A Symbolic Neural Network Representation and its Application to Understanding, Verifying, and Patching Networks
This work addresses the challenge of understanding, verifying, and patching neural networks, particularly for safety-critical domains like aircraft systems, though it appears incremental as it builds on existing symbolic methods for network analysis.
The authors tackled the problem of analyzing and manipulating trained neural networks by proposing a symbolic representation for piecewise-linear networks, enabling translation into finite sets of affine functions. They demonstrated its application to computing weakest preconditions for visualizing advisories in an aircraft collision avoidance system, strongest postconditions for bounded model checking on neural network controllers, and patching to correct user-specified behaviors.

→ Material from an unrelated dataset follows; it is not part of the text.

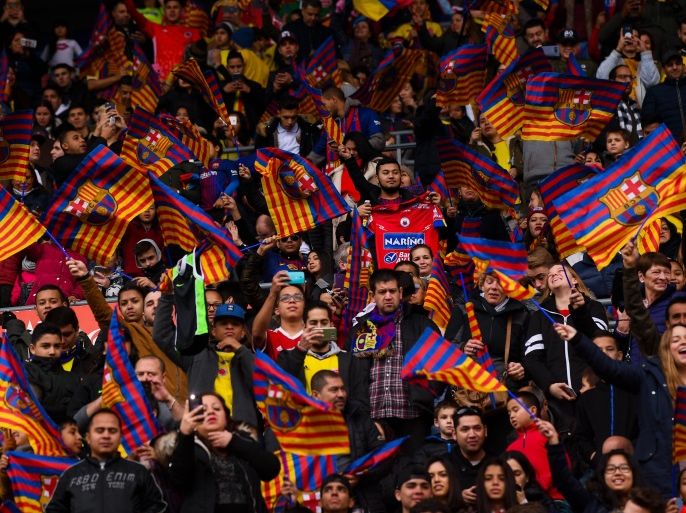 BARCELONA, SPAIN - JANUARY 13: Fans attend the New FC Barcelona player Yerry Mina unveiling at Nou Camp on January 13, 2018 in Barcelona, Spain. The Colombian player signed from Palmerias, has agreed a deal with the Catalan club until 2022 season. (Photo by David Ramos/Getty Images)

Analysis and manipulation of trained neural networks is a challenging and important problem. We propose a symbolic representation for piecewise-linear neural networks and discuss its efficient computation. With this representation, one can translate the problem of analyzing a complex neural network into that of analyzing a finite set of affine functions. We demonstrate the use of this representation for three applications. First, we apply the symbolic representation to computing weakest preconditions on network inputs, which we use to exactly visualize the advisories made by a network meant to operate an aircraft collision avoidance system. Second, we use the symbolic representation to compute strongest postconditions on the network outputs, which we use to perform bounded model checking on standard neural network controllers. Finally, we show how the symbolic representation can be combined with a new form of neural network to perform patching; i.e., correct user-specified behavior of the network.